Sunday, February 19, 2017

On This Day: February 19, 1942

Executive Order 9066 and the Imprisonment of Japanese Americans during World War II

Toyo Miyatake (Photographer), Boys Behind Barbed Wire, 1944

In commemoration of the 75th Anniversary of Executive Order 9066, signed by President Franklin D. Roosevelt this day in 1942, we invited guest writer Alison Moore to explore the parallels between the creation of incarceration camps for Japanese Americans during World War II and the recent, controversial Muslim travel ban. Issued and signed by President Donald Trump on January 27, 2017, Executive Order 13769 provides "Protection of the Nation from Foreign Terrorist Entry into the United States."

“This, Our Legacy”
Executive Order 9066 

Dorothea Lange (Photographer), Exclusion order posted at First and Front Streets—
the first San Francisco section affected by evacuation—directing the removal of 
persons of Japanese ancestry, 1942
Courtesy Bancroft Library, University of California, Berkeley

On February 19, 1942, upon the advice of Lt. General John L. De Witt, head of the Army’s Western Defense Command, President Franklin D. Roosevelt signed an executive order requiring the mass evacuation and incarceration of over 100,000 people from the West Coast of the United States.
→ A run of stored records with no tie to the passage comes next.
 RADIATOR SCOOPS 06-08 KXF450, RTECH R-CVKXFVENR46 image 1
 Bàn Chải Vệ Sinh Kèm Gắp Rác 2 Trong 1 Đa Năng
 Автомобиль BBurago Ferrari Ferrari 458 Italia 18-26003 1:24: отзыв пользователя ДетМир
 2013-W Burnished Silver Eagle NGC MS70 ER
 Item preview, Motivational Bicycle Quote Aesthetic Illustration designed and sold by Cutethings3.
Although no cases of sabotage related to the Japanese bombing of Pearl Harbor had emerged in California, Oregon, or Washington—nor, in fact, were any shown to have occurred in Hawaii—the Army stated that “military necessity” required removal and imprisonment due to the potential for such acts. “Racial affinities are not severed by migration,” wrote General De Witt. “The Japanese race is an enemy race,” and though many Japanese Americans had become “Americanized,” “the racial strains are undiluted.” “Along the Pacific Coast over 112,000 potential enemies, of Japanese extraction, are at large today.” [Emphasis ours.]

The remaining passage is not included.